Auch in andere übergreifende Forschungsprojekte ist Atos eng eingebunden. So gehört das Unternehmen zur übergreifenden Industrie-4.0-Plattform. Unter Federführung des Fraunhofer Instituts für Materialfluss und Logistik (IML) arbeitet Atos an der Entwicklung eines sicheren Industrial Data Space. Damit sollen wichtige Daten auch IoT-Plattform-übergreifend zwischen Unternehmen ausgetauscht werden können.
Ein wichtiges Thema ist in diesem Zusammenhang Datensouveränität. Technologien für DRM (Digital Rights Management) fügt Daten Informationen darüber hinzugefügt, wer mit welchen Rechten auf sie zugreifen darf. Im professionellen Bereich, so Ahle, hätten alle Beteiligten daran Interesse, den Datenzugriff so zu regeln. Mit der Universität Wien entsteht gerade eine Industrie-4.0-Modellfabrik, deren IT-Ausstattung mit IoT Atos übernimmt.
In der Scientific Community teilen 120 Atos-Mitarbeiter ihre Arbeitszeit jeweils zur Hälfte zwischen wissenschaftlichen und kommerziellen Aktivitäten, um Atos bei solchen innovativen Projekten voranzubringen. Dabei hilft sicher auch, dass Atos schon viel Erfahrung gesammelt hat. Die Atos-Plattform wird vielerorts von der Industrie genutzt.
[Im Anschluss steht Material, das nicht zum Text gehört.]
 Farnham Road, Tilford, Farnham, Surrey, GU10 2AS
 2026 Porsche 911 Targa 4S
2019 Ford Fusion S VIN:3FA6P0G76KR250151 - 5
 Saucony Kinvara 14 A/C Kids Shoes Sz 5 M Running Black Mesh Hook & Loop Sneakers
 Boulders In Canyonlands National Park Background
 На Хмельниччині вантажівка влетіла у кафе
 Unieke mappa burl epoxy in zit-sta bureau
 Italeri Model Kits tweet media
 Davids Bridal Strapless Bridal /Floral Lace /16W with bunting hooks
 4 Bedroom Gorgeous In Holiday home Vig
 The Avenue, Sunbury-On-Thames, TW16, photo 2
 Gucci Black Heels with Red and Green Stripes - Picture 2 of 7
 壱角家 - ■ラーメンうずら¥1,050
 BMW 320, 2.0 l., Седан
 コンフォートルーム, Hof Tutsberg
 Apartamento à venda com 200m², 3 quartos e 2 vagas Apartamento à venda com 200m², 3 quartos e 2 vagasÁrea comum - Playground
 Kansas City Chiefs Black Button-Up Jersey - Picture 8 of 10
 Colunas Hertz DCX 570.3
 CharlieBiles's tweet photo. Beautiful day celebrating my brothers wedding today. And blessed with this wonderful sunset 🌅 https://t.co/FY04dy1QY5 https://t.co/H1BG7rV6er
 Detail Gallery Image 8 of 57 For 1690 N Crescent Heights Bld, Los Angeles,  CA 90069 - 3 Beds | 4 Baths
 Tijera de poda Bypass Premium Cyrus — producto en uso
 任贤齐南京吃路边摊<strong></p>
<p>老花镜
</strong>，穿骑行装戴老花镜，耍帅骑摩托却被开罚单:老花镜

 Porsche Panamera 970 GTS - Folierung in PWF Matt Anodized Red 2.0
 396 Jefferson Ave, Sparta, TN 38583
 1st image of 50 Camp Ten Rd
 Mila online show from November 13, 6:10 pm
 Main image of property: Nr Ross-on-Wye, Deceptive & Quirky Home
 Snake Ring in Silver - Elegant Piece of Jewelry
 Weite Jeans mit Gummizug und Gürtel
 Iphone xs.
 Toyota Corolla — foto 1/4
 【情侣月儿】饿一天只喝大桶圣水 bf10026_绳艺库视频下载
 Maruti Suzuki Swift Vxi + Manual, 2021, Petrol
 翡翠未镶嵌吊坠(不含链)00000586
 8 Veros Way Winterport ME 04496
Sie verwaltet bereits rund 1,5 Millionen Geräte, davon 300.000 von Siemens.
Auch B/S/H (Bosch Siemens Hausgeräte) verwendet sie, hat allerdings inzwischen zusätzlich die eigene Bosch IoT-Plattform entwickelt. Michelin baut seine Servicekonzept der sensorgestützten Reifenwartung auf Atos` Lösung auf, und auch Renaults Service Airlink ist mit Atos-Technologie unterlegt – der Autohersteller stattet seine Fahrzeuge inzwischen mit TomTom-Navigationsgeräten, Kommunikationstechnik und zusätzlichen Apps aus.